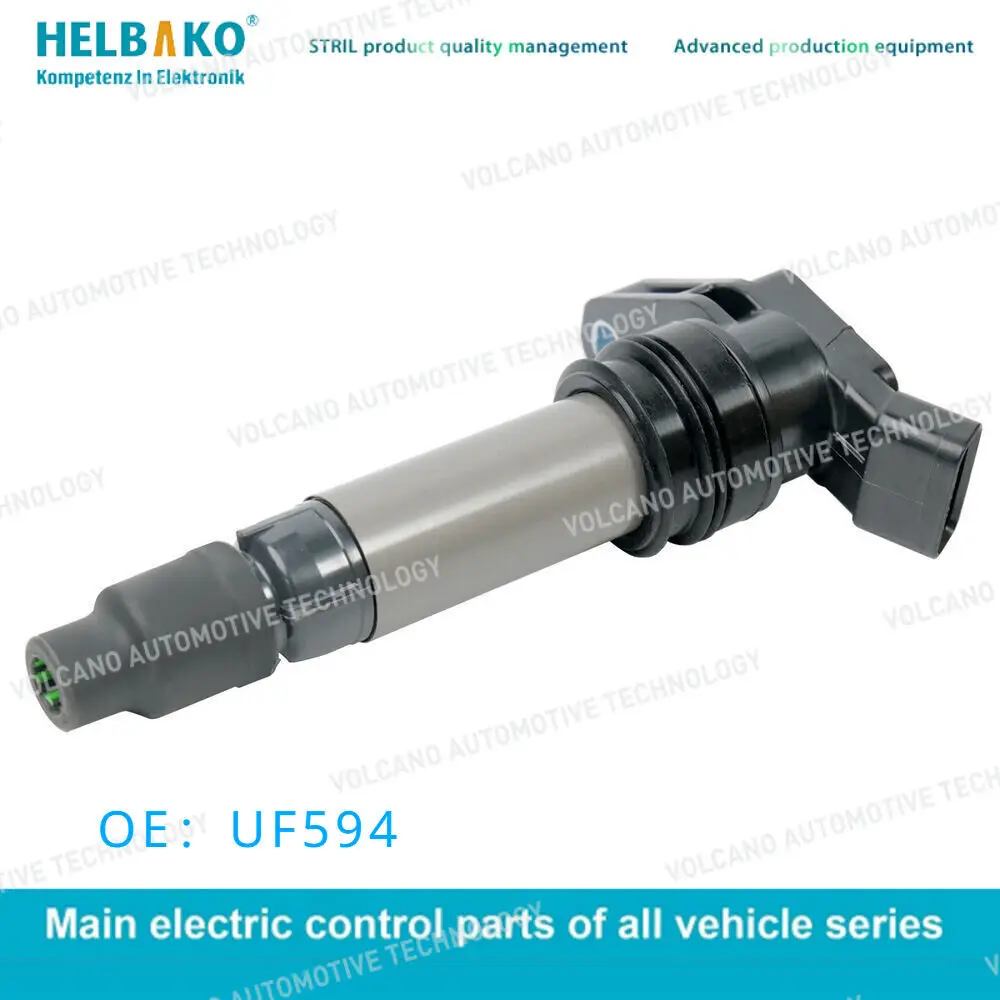 

2PCS Ignition Coil 6G9N 12A366、UF594、C1677for Volvo XC60 XC70 XC90 S60 S80 V70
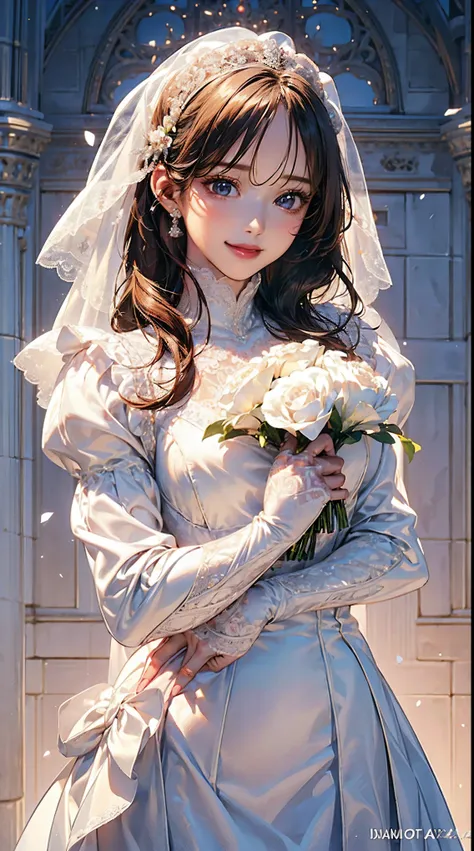 (masterpiece:1.2, highest quality), (realistic, photorealistic:1.4), beautiful illustrations, (natural side lighting, movie lighting), looking at the viewer, Upper body, (Front view), 1 girl, perfect face, Cute symmetrical face, shiny skin, baby face, long...
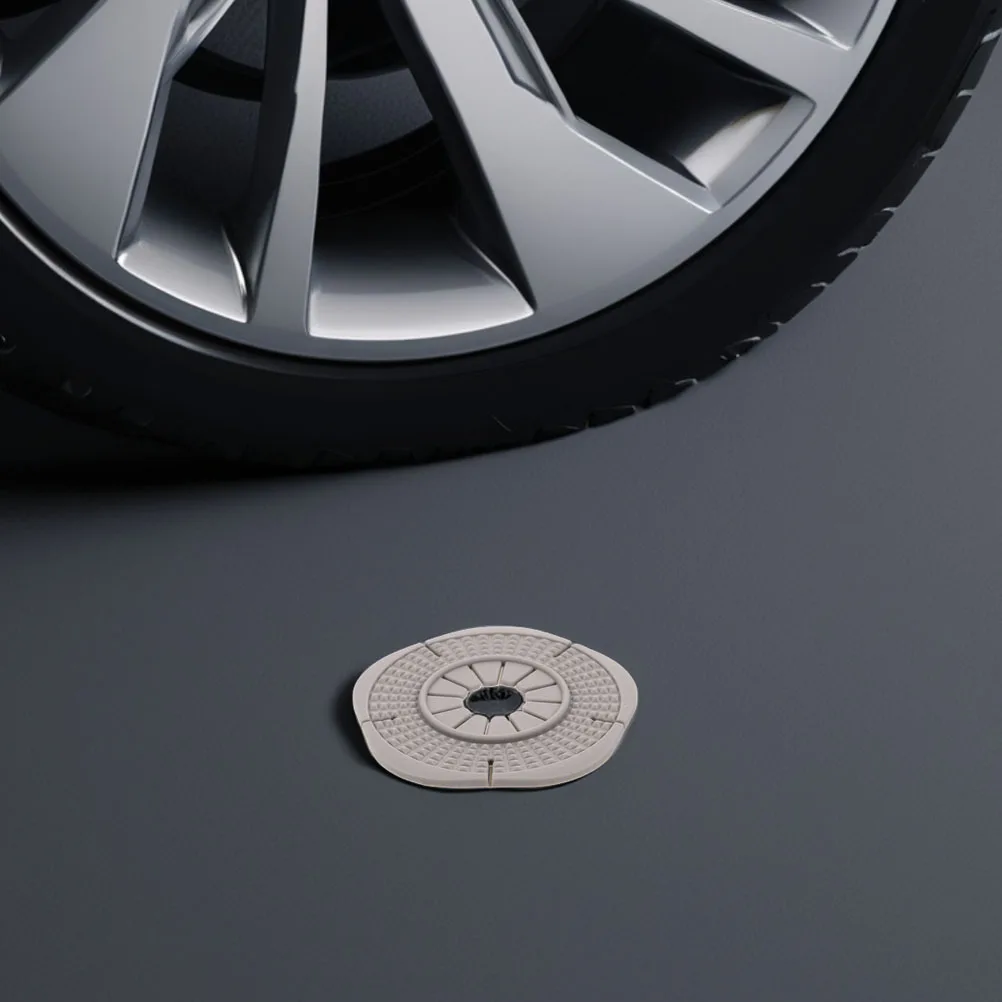 2 Pcs Wiper Cover Protective for Cars Chassis Rubber Sleeve Removal Vehicle Elastic Holes Grey
2 Pcs Wiper Cover Protective for Cars Chassis Rubber Sleeve Removal Vehicle Elastic Holes Grey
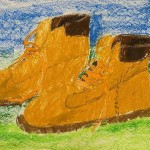 2025年5月8日(木)「木のある風景」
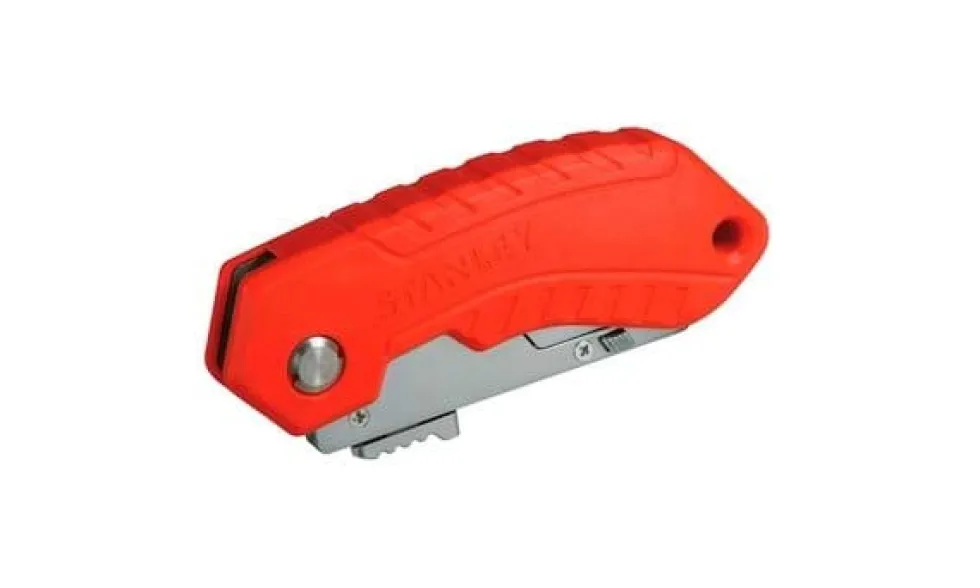 X-ato de Segurança Dobrável 160mm Stanley 0-10-243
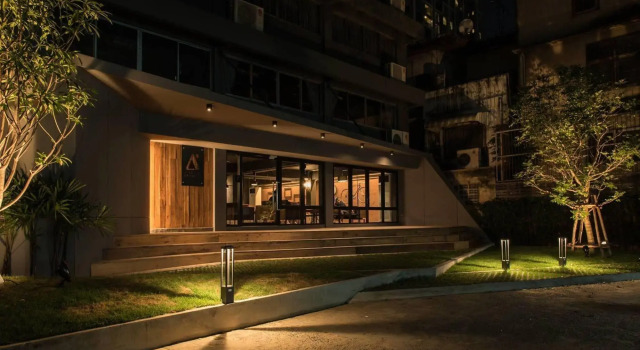 A Hostel Bangkok, Забронировать Хостел Хостелы Бангкока, рядом с Мемориальная больница «Паоло», Хостел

▶ Exercise instructions:
Your copy should match the records above exactly, apart from the pictures, which stay out.

▶ Written answer:
2PCS Ignition Coil 6G9N 12A366、UF594、C1677for Volvo XC60 XC70 XC90 S60 S80 V70
 (masterpiece:1.2, highest quality), (realistic, photorealistic:1.4), beautiful illustrations, (natural side lighting, movie lighting), looking at the viewer, Upper body, (Front view), 1 girl, perfect face, Cute symmetrical face, shiny skin, baby face, long...
 2 Pcs Wiper Cover Protective for Cars Chassis Rubber Sleeve Removal Vehicle Elastic Holes Grey
2 Pcs Wiper Cover Protective for Cars Chassis Rubber Sleeve Removal Vehicle Elastic Holes Grey
 2025年5月8日(木)「木のある風景」
 X-ato de Segurança Dobrável 160mm Stanley 0-10-243
 A Hostel Bangkok, Забронировать Хостел Хостелы Бангкока, рядом с Мемориальная больница «Паоло», Хостел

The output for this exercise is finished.